Around the age when all their friends were having kids, they decided to go the adoption route after doctors told them they couldn’t have any of their own.

“[Carol] had always dreamed of being a mom,” Bryson said. “It’s what she wanted and every time we would go hang out with friends or go to anything at church or any other event, all of our friends were bringing their babies or announcing that they were pregnant. It almost got to the point where she didn’t want to go anywhere because it was just so emotionally draining for her.”

In August 1994, an adoption agency brought them a picture of three Russian siblings. They fell in love immediately. Almost exactly 25 years ago, they returned with their little family the Sunday before Thanksgiving. Two years later, they got pregnant.

“We were blessed, doubly blessed, because we had adopted children but we also the biological baby we originally wanted to have,” Bryson said. “It was an amazing blessing that’s really indescribable, frankly, how God works through difficulties to bring you more blessing than you ever could have imagined.”

But Bryson’s heart for children and the nations doesn’t stop when he leaves Nashville. It doesn’t even stop when he leaves the country.After the major earthquake in 2010, his pastor at Nashville First Baptist Church asked Bryson to visit Haiti and explore how they could help with the orphan crisis.

“I was really touched by what I saw there,” Bryson said. “I had never been to a country where the average person makes less than $2 a day. There’s very little middle class. Most everybody is poor. I just tried to understand how you make a difference in a country like that.”

Soon he realized education was the key to helping. He chartered The Joseph School – a school committed to educating and raising up Haitian leaders – in 2015.

They now have five grades and 150 children. One of the first students being Charlie.

“His house consisted of a tin sheeting over some sticks and thatch on the sides and a door,” Bryson said. “They cooked over an open fire. One time, I saw Charlie’s mom cooking five fish the size of goldfish. That was dinner.”

Charlie’s mom volunteered every time the school needed help. And when she realized she couldn’t help Charlie with his homework, she went back to school. In the meantime, Bryson found out Charlie was spending every night teaching his little brother.

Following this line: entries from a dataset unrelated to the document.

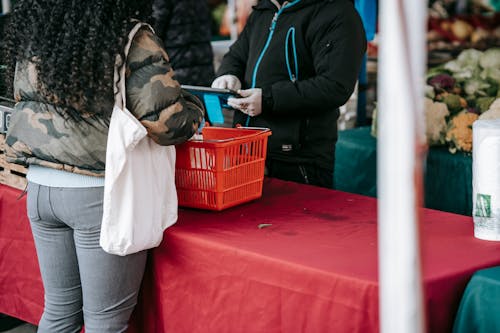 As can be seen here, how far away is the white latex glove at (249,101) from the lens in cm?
293

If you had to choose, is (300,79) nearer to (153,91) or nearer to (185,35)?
(153,91)

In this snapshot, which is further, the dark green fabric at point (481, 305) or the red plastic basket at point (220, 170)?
the red plastic basket at point (220, 170)

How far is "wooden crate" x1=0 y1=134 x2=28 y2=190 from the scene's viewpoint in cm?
291

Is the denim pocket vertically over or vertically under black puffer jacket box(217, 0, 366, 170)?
under

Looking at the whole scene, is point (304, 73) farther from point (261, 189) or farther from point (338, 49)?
point (261, 189)

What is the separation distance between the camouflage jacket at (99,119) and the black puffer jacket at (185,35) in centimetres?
225

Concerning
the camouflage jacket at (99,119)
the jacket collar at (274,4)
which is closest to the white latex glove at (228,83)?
the jacket collar at (274,4)

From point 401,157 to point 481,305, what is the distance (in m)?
0.66

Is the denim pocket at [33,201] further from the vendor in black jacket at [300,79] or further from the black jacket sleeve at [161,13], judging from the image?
the black jacket sleeve at [161,13]

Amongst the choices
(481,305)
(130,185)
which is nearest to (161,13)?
(130,185)

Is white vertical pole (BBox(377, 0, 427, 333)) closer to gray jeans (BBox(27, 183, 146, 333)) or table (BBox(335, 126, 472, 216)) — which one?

Out of 150 kids who apply, The Joseph School can only take the top 30. And three years after Bryson met Charlie, his little brother was old enough to apply.

“Their family couldn’t afford tutoring,” Bryson said. “His brother scored in the top 30 because the school inspired Charlie to teach his brother, and inspired Charlie’s mom to go back to school.That family’s life is changed forever. There are stories like that everywhere.”

With every piece of his story – from adopted parenting to third-world poverty – Bryson would like to say faith has been his guiding light. Admittedly, though, he says it’s been more ups and downs than that.

“It fluctuates and as I’ve gotten older, it has grown because I’ve seen God work in my life in some amazing ways,” Bryson said. “The older I get, the more perspective I have on what God has done in my life, the stronger my faith is because I know that if He’s been that faithful to me when I haven’t necessarily been, then I can trust Him going forward. And that’s just been a real journey for me.”